O grupo islamista Hayat Tahrir al Sham (HTS), que chefia a coalizão que tomou a cidade síria de Aleppo, esteve vinculado com o grupo jihadista Al Qaeda e tenta há anos se tornar uma alternativa política no norte da Síria, sem convencer as potências ocidentais.
O HTS, aliado a grupos rebeldes, alguns apoiados pela Turquia, afirma ter rompido com suas raízes, quando era conhecido como Jabhat al Nusra e jurava lealdade à Al Qaeda.
Em janeiro de 2017, adotou o nome atual e, segundo o International Crisis Group (ICG), passou a confrontar líderes da Al Qaeda e do Estado Islâmico (EI) em seus redutos.
Composto majoritariamente por combatentes sírios, o grupo agora se apresenta como uma alternativa política local.
No início de 2019, assumiu o controle da maior parte da província de Idlib, em detrimento de outros grupos rebeldes. Criou um "governo de segurança", que controla a economia da região e ao qual a maioria dos juízes nomeados são leais.
"Os rebeldes começaram a instalar estruturas de proto-governança", indica o Soufan Center, sediado em Nova York.
"Alguns desses esforços datam de vários anos atrás, com tentativas sofisticadas de subsidiar o preço dos alimentos e estabilizar os setores bancário e energético."
Em coordenação com agências da ONU, esse governo de segurança "fornece os serviços essenciais à população", explica à AFP Jérôme Drevon, especialista em jihadismo do ICG.
E embora alguns considerem seu poder autoritário, "oferece uma governança homogênea que contrasta com as outras regiões sírias".
- "Grupo insurgente" -
Em meados de 2023, o jornalista francês Wassim Nasr entrevistou o líder do HTS, Abu Muhammad al Julani, na província de Idlib.
"Ele e seu grupo não estão mais comprometidos com a jihad internacional [...]. Consideram que isso só 'traz destruição e fracassos'", disse Nasr na revista CTC Sentinel, da academia militar americana West Point.
"As mulheres frequentam escolas, dirigem, e é possível ver pessoas fumando nas ruas.

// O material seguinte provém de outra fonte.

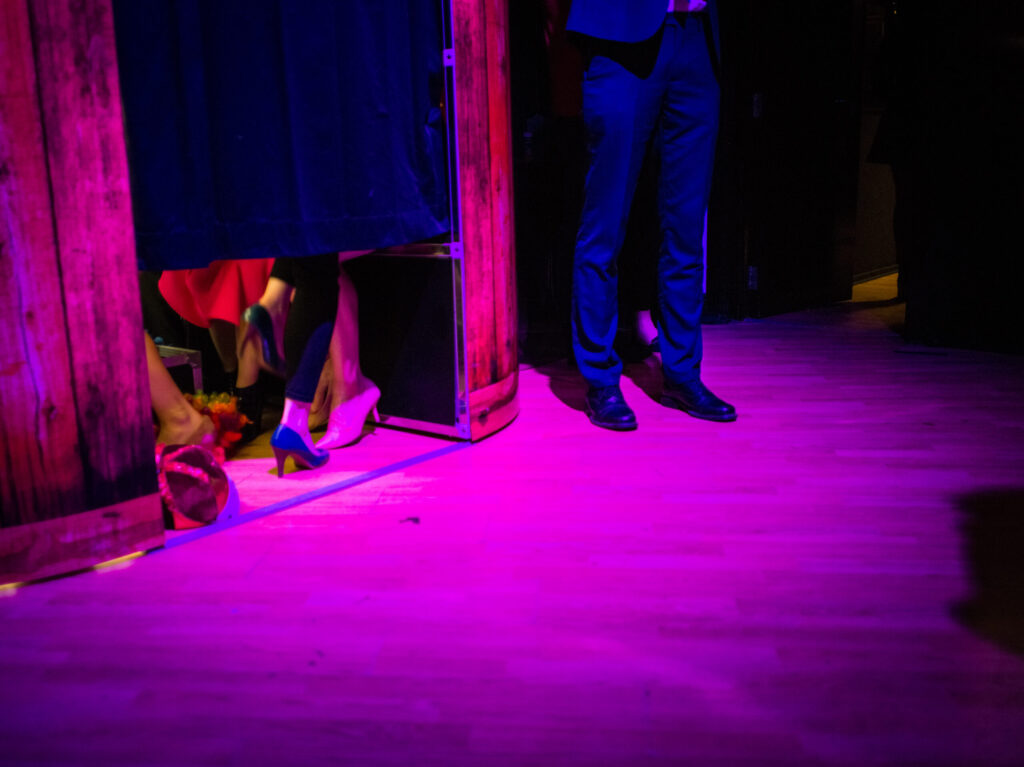 wedding photographer ottawa ontario documentary reportage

Claro, estão longe de adotar valores democráticos ou de uma sociedade liberal, mas é uma mudança", aponta.
Essa evolução, para Drevon, demonstra sua sinceridade. "Em janeiro de 2017, podia-se questionar se isso era uma manobra tática da Al Qaeda para evitar a atenção de países como os Estados Unidos", relembra. "Mas agora o HTS se comporta como um grupo insurgente, sem dimensão de terrorismo internacional."
Para ele, essa mudança ideológica e sua força frente ao regime de Bashar al Assad deveriam levar os ocidentais a "reconsiderar sua relação" com o HTS.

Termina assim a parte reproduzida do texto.